On Tue, Apr 15, 2014 at 03:43:01PM +0200, Emmanuel Colbus wrote:
> Now for something that has to do both with syscalls and filesystems...
>
> My operating system relies heavily upon hardlinks, and, amongst others,
> directory hardlinks. (Yes, that's what my ext2l partitions are for. Not
> only, but this is part of it).
>
> To allow distinguishing them from true directories, I've introduced a
> value S_IFDHL equal to 0130000, both for the file mode in stat(2) and
> for the type_entry field in the dirent structure, in getdents64(2).
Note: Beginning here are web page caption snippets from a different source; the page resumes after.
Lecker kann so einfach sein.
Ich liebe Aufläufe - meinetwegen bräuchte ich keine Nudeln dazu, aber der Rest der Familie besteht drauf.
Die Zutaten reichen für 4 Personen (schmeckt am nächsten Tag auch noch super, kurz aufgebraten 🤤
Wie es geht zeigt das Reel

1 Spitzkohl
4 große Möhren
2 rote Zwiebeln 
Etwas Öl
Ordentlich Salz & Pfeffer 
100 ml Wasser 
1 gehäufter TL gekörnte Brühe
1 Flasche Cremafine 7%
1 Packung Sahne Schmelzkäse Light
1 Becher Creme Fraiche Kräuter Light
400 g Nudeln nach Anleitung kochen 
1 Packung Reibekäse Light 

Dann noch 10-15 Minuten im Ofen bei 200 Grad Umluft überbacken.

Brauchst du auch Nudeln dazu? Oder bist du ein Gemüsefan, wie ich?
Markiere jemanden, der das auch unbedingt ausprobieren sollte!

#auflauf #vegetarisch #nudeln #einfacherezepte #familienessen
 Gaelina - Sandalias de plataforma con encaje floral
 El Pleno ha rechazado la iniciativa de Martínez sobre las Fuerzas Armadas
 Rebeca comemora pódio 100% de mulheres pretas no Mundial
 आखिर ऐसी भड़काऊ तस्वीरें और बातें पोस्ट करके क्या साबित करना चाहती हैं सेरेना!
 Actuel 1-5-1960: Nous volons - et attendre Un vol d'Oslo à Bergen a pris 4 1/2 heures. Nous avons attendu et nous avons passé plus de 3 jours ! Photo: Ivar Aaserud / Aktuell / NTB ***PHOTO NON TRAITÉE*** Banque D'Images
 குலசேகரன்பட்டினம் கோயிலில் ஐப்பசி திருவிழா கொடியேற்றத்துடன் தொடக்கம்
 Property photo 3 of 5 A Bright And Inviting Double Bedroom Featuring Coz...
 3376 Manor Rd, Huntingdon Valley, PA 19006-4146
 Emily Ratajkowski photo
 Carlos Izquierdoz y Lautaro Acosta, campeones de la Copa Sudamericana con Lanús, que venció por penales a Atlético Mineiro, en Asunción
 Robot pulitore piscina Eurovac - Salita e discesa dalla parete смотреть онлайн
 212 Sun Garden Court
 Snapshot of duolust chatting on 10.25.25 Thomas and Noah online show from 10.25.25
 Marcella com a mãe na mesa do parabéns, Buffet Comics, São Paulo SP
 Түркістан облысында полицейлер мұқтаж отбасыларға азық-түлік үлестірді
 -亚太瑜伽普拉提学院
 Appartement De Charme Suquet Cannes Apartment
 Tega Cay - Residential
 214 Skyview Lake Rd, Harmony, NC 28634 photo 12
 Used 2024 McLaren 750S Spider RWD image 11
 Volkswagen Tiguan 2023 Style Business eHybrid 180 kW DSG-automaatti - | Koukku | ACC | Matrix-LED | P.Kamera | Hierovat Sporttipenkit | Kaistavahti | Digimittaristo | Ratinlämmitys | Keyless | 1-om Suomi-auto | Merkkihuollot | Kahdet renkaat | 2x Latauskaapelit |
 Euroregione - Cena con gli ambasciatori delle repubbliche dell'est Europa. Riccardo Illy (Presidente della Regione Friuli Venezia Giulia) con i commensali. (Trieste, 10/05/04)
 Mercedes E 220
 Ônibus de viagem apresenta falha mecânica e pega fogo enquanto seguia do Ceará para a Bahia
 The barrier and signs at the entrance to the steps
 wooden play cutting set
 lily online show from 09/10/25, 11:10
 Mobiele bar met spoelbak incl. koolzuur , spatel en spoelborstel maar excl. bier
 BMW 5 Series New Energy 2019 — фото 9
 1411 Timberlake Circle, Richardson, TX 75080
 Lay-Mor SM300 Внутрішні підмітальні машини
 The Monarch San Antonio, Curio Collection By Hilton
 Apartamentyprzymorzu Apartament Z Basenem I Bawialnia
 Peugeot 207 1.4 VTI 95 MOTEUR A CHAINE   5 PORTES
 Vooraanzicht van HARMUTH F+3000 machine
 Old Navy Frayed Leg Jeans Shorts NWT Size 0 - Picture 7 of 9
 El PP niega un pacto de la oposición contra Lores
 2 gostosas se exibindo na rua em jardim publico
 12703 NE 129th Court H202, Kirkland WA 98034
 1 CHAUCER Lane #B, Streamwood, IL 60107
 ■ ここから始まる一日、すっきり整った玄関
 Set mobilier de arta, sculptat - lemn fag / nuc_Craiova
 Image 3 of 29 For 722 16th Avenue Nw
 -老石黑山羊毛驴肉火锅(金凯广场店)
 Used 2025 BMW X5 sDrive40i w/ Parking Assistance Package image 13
Not without more information about what the value means, and what it
would be used for. See my previous comments about why reserving code
points for random personal projects is not a something which is at all
scalable.

- Ted

2014-04-15 20:53:29

by Emmanuel Colbus

[permalink] [raw]
Subject: Re: [RFC][6/11][MANUX] Kernel compatibility : directory hardlinks

Le 15/04/2014 22:06, Theodore Ts'o a ?crit :
> On Tue, Apr 15, 2014 at 03:43:01PM +0200, Emmanuel Colbus wrote:
>> Now for something that has to do both with syscalls and filesystems...
>>
>> My operating system relies heavily upon hardlinks, and, amongst others,
>> directory hardlinks. (Yes, that's what my ext2l partitions are for. Not
>> only, but this is part of it).
>>
>> To allow distinguishing them from true directories, I've introduced a
>> value S_IFDHL equal to 0130000, both for the file mode in stat(2) and
>> for the type_entry field in the dirent structure, in getdents64(2).
>
> Not without more information about what the value means, and what it
> would be used for. See my previous comments about why reserving code
> points for random personal projects is not a something which is at all
> scalable.
>
> - Ted
>

Well, I can give you this information, but first, I would like to
mention that, since Alan Cox has pointed out the fact that the best
thing for me was to simply use a modified ELF header and route my own
syscalls this way, this information has become completely irrelevant. I
mean, since this value would only appear in my little personal ext2l
partitions, and in my own little syscalls, there is no point for you to
do anything anymore, not even reserve it. So, to make it clear, I fully
retract my previous demand.

Now, to give you this information, if you're still interested :

The value means that the file is not a true directory, but a directory
hardlink. Directory hardlinks, which only appear in my ro-compatible
ext2l partitions, are special files that have no content, and simply
point to a directory inode by using its inode number. This value is
simply stored within the fragment address, as my ext2l partitions don't
support fragmentation. As for the kernel, it uses these a little bit
like automatic mountpoint that can't cross partition limits.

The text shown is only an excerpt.